- _Aim of the task_
Write the data out in full and word for word. Do not include images.

- _Supplied material_
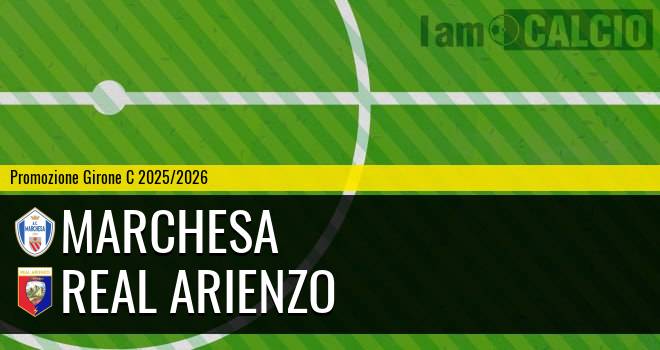 Marchesa - Real Arienzo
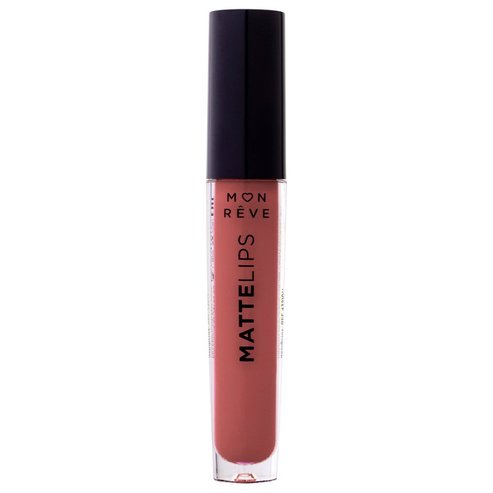 Mon Reve Matte Lips Liquid Lipstick 4ml - 26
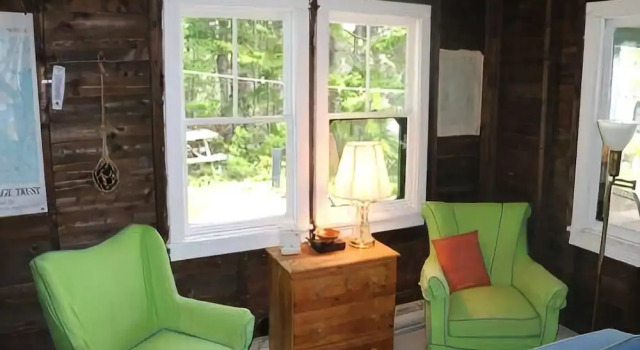Cedar Cottage - Three Bedroom Cottage, Prenota Casa vacanze Blue Hill Maine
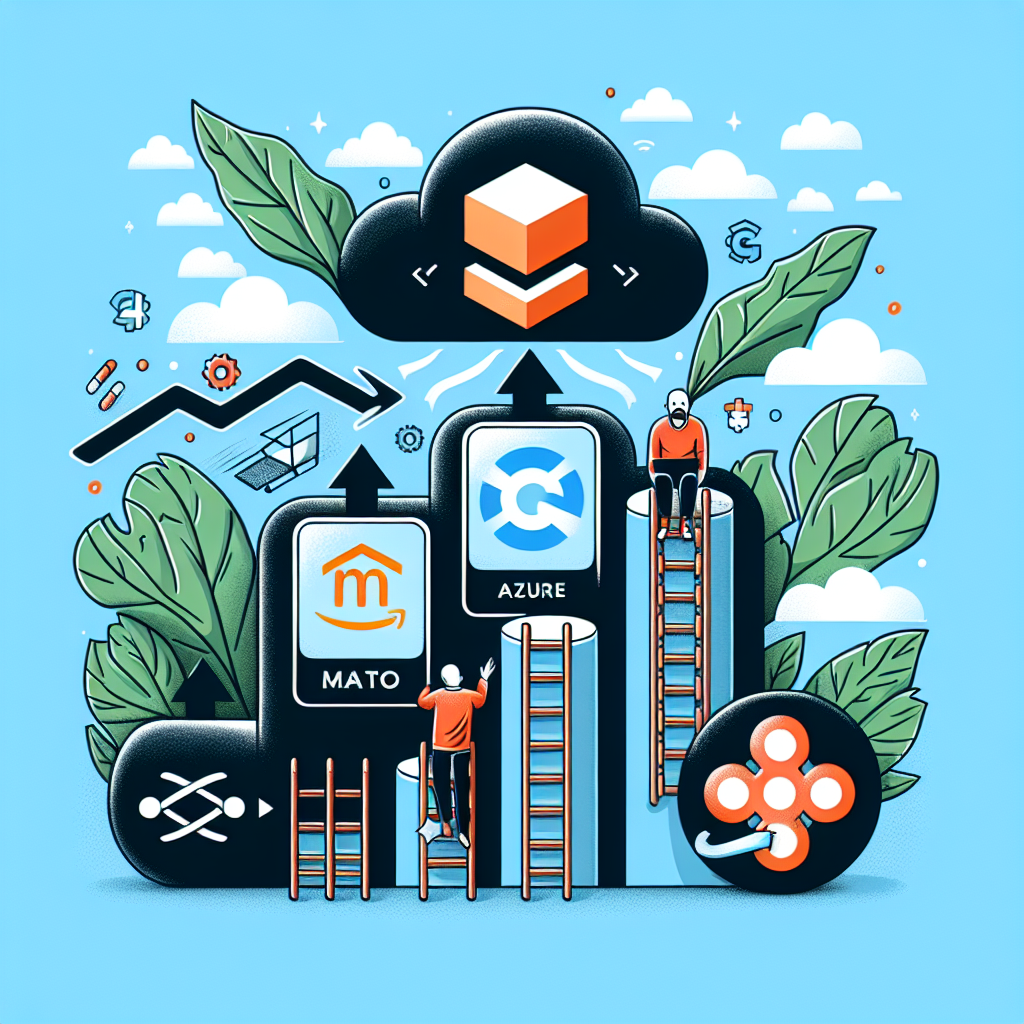 Magento 2 and IaaS: Leveraging AWS/Azure/GCP for Scalability Magento 2 and IaaS: Leveraging AWS/Azure/GCP for Scalability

- _Solution to this task_
 Marchesa - Real Arienzo
 Mon Reve Matte Lips Liquid Lipstick 4ml - 26
Cedar Cottage - Three Bedroom Cottage, Prenota Casa vacanze Blue Hill Maine
 Magento 2 and IaaS: Leveraging AWS/Azure/GCP for Scalability Magento 2 and IaaS: Leveraging AWS/Azure/GCP for Scalability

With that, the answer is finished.